Abstract

Chronic pain disability is a challenging condition in which biological, psychological, and social factors dynamically interact with each other. Especially the treatment and rehabilitation of patients with CRPS put demands on techniques as well as on the rehabilitation framework. The general recommendation is a multidisciplinary team approach for CRPS patients. The psychological contribution should comprise a thorough assessment, followed by a psychological pain management component including relaxation/biofeedback training, cognitive interventions, behavioral interventions and extended cognitive-behavioral therapy.Approximately one-half to two-third of all patients diagnosed with chronic pain manifest various levels of psychological distress. Still, there is insufficient research-based information about the role of psychological factors in the etiology, prognosis and clinical picture of CRPS.Studies reveal that patients for whom CRPS-1 developed after radial forearm fracture seem to have neither a unique psychological pattern nor display more symptoms of depression than those who fully recover. In fact, CRPS patients seem to have common psychological features and show the same amount of anxiety and depression as patients with Fibromyalgia and Repetitive Strain Injury.
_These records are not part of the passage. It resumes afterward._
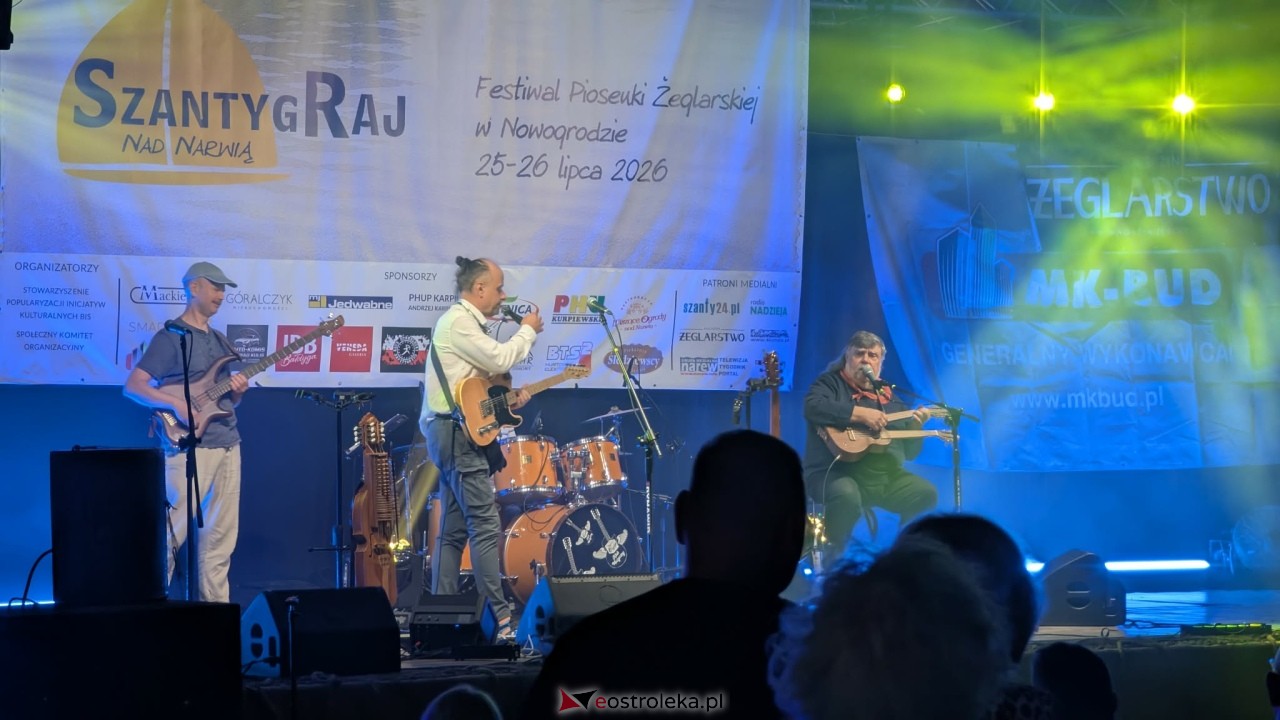 SzantygRaj w Nowogrodzie [25.06.2026] - zdjęcie #66 - eOstroleka.pl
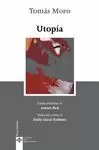 UTOPIA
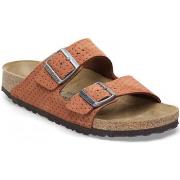 Sandales Birkenstock Arizona leve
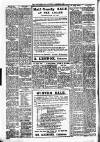 Mid-Ulster Mail Saturday 06 January 1923 Page 8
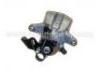 супор Brake Caliper:8N0 615 423 B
Physical therapy in combination with autogenic relaxation training seems to lead to a significant improvement in limb temperature compared to physical therapy alone.Further research is needed to improve theory about psychological factors in CRPS. At present, there seems to be no published study specifically evaluating psychological factors in the etiology, clinical picture or prognosis of CRPS. Comparative controlled studies should be made to create practical clinical treatment methods for the patients. Probable psychological topics of importance in understanding CRPS are, among other distress factors: affect regulation and particularly alexithymia, fear-avoidance and catastrophising.